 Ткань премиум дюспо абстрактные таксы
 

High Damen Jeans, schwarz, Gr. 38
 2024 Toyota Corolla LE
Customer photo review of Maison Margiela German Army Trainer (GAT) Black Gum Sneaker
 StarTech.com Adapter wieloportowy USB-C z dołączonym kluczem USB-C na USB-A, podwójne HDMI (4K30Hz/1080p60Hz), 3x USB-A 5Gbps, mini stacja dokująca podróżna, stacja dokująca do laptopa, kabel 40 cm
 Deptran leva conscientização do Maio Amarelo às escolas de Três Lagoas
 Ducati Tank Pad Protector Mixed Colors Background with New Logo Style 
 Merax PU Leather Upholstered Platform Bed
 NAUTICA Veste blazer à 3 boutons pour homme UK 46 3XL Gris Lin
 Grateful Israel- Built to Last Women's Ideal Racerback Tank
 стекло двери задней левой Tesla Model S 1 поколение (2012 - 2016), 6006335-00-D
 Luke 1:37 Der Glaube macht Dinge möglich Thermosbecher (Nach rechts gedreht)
--- --- ---
AIM OF THE EXERCISE: Give back the listing exactly.

SOLUTION TO THE EXERCISE:
 Ткань премиум дюспо абстрактные таксы
 

High Damen Jeans, schwarz, Gr. 38
 2024 Toyota Corolla LE
Customer photo review of Maison Margiela German Army Trainer (GAT) Black Gum Sneaker
 StarTech.com Adapter wieloportowy USB-C z dołączonym kluczem USB-C na USB-A, podwójne HDMI (4K30Hz/1080p60Hz), 3x USB-A 5Gbps, mini stacja dokująca podróżna, stacja dokująca do laptopa, kabel 40 cm
 Deptran leva conscientização do Maio Amarelo às escolas de Três Lagoas
 Ducati Tank Pad Protector Mixed Colors Background with New Logo Style 
 Merax PU Leather Upholstered Platform Bed
 NAUTICA Veste blazer à 3 boutons pour homme UK 46 3XL Gris Lin
 Grateful Israel- Built to Last Women's Ideal Racerback Tank
 стекло двери задней левой Tesla Model S 1 поколение (2012 - 2016), 6006335-00-D
 Luke 1:37 Der Glaube macht Dinge möglich Thermosbecher (Nach rechts gedreht)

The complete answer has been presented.